Toolkits > SampleShellPipe 1.1.0 > sample > TestShellPipeCopyAttributes_1toN_naive.spl
This sample application executes a Perl script with the ShellPipe operator, flowing Streams tuples through the script asynchronously, naively copying input attributes to output tuples.
The script copies each word on input lines read from STDIN to a separate output line written to STDOUT, prefixing them with word numbers and the number of characters in each word, and following them with a separate delimiter output line. The operator writes lines of text consumed from input tuples to STDIN, and produces output tuples containing words read from STDOUT. (This application does not expect the script to write anything to STDERR. If something is written to STDERR, it will be logged in the Streams application trace.) The operator copies other output attributes from the most recently consumed input tuple. This is probably not what you want.
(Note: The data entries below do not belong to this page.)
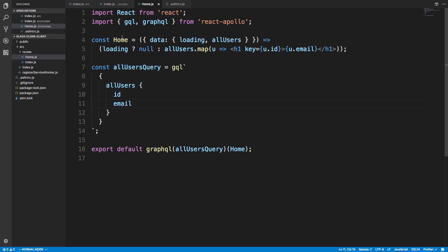The Home component takes the props data given to us by the graphql HOC. It runs this query and puts the data into our component. While loading, loading is true, and when data arrives it populates the variable called allUsers — which matches the name of our query. When loading is true we return null; when false we call allUsers.map, rendering an h1 for each user with the key set to user.id and displaying user.email.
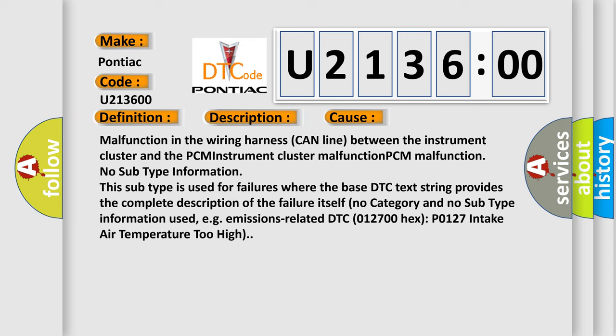This subtype is used for failures where the base DTC text string provides the complete description of the failure itself. No category and no subtype information used, e.g., emissions-related.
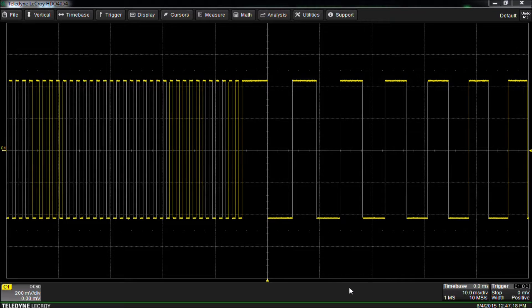Hi, I'm Karl, one of the application engineers here at Teledyne LaCroix, and I would like to answer the frequently asked question: can measurement parameters be applied to only a portion of the waveform acquisition? Yes, you can apply parameters to only a portion of the acquisition using measurement gates.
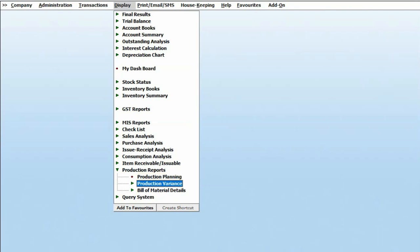Production Variance. With the help of this report, you can review any variances that may have occurred between the Bill of Materials at the time of creation and when production was added.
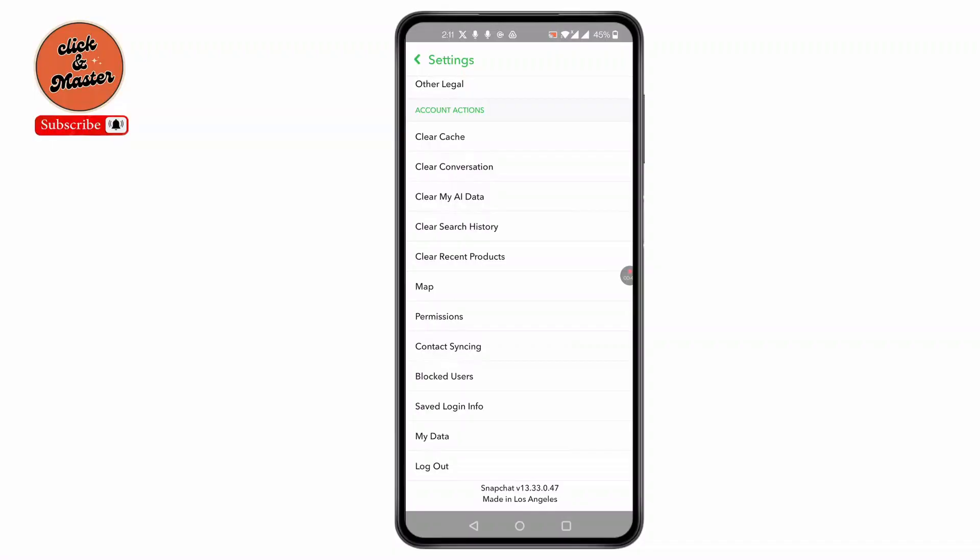This is how to remove third-party apps from Snapchat.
The ShellPipe operator executes its command asynchronously from Streams, and the shell buffers the data flowing between them. This is good for performance, because it allows Streams and the command to execute concurrently. But, it allows the operator to consume multiple input tuples before the script's output from previous tuples is received. That is, input and output tuples may get out of sync. In this application, the operator may copy attributes from later input tuples to earlier output tuples.
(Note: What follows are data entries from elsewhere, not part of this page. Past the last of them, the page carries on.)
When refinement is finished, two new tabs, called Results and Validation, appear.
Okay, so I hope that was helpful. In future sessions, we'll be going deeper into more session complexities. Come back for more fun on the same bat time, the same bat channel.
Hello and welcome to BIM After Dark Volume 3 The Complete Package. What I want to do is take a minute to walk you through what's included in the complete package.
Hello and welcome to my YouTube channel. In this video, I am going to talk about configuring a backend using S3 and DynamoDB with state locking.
This sample application illustrates the problem of copying attributes directly from input tuples to output tuples that are out of sync due to buffering and asynchronous execution in a shell. The sample::TestShellPipeCopyAttributes_1toN_queued application shows a solution to this problem for scripts that write multiple output lines for each input line, that is, for scripts with a "1 to N" ratio of input to output lines.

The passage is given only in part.